Нам остается дать отчет о последнем из больших произведений Островского, о комедии его «Доходное место», года три тому назад напечатанной в «Русской беседе». Что сказать об этом загадочном, замечательном, неконченном и нестройном произведении – единственном нестройном произведении между всеми трудами Островского. Нас смущает не щекотливость в деле порицания, с этой стороны мы никогда не стеснялись никакими симпатиями. Если бы мы жили и писали во времена Пушкина, которого имя мы беспредельно обожаем, как имя нашего нравственного благодетеля и просветителя, ежели бы мы занимались оценкою эстетических произведений в лучшую пору пушкинской деятельности, мы и тогда не уклонились бы, например, признать его «Анджело» вещью странною и загадочною. Мы протестовали против ошибочных мнений Белинского, глубоко сочувствуя трудам этого благотворного деятеля, и протестовали в то самое время, когда всякая тень разногласия с Белинским могла казаться ренегатством или братаньем с «Северной пчелою». Мы не задумывались произнести первое слово осуждения на дидактическую литературу, теперь всеми достаточно обруганную, но в прежнее время считавшую в рядах своих первых деятелей имена, нам дорогие и близкие. После всего этого нас легко заподозрить в чем угодно, только не в уклончивости и не в излишней снисходительности. Если б комедия «Доходное место» казалась нам произведением, исполненным одних резких и легко подмечаемых недостатков, мы бы указали эти грехи без всякого затруднения, – но беда в том, что сказанная комедия с ее недостатками и достоинствами нелегко поддается критическому анализу. Чтоб объяснить впечатление, произведенное на нас первым, вторым и третьим прочтением «Доходного места», нам приходится отступить от простого тона рецензии и взяться за разные уподобления.
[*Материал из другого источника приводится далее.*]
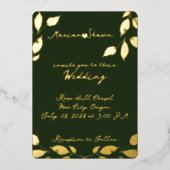 Minimale Elegant Green Gold Blätter Folieneinladung (Vorderseite)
Может быть, иные из наших читателей помнят еще странную и исполненную могучих мыслей повесть Бальзака «Un chef-d’euvre inconnu»[12]. Бальзак, когда-то у нас знаменитый, и весьма стоящий своей знаменитости, теперь редко у кого в руках, и мы поэтому должны в двух словах передать содержание повести, о которой говорится. В блестящий или лучший период европейской живописи во Франции живет человек, до страсти преданный этому искусству, близкий к первоклассным художникам всех стран и до величайшей тонкости знакомый со всеми почти недоступными тайнами ремесла. Советы его показывают в нем талант громадный, но никто не видал ни одной его картины. Он трудится целые дни и никого не пускает в свою мастерскую, а рассказывает только, что все его силы употреблены на одну картину и что на картине этой должна быть написана женщина, какой никогда еще не написал ни один мастер дела. После разных приключений и эпизодов таинственный человек умирает, не показав никому своего произведения. Натурально, что все собраты покойника и ценители искусства с жадностью кидаются в мастерскую труженика. Там видят они знаменитую картину, задачу всей его жизни. Но чудо! – картина эта представляет собою одно хаотическое смешение красок, одни частички чего-то мощного, мастерского, но недоделанного и совершенно непонятного! Один только уголок картины отделан как следует – маленький уголок, на котором изображена рука (или, может быть, нога) предполагаемой красавицы. Эта рука, эта частичка неконченного целого повергает художников в остолбенение: никто из них не способен написать ничего подобного – так огромен был талант умершего живописца.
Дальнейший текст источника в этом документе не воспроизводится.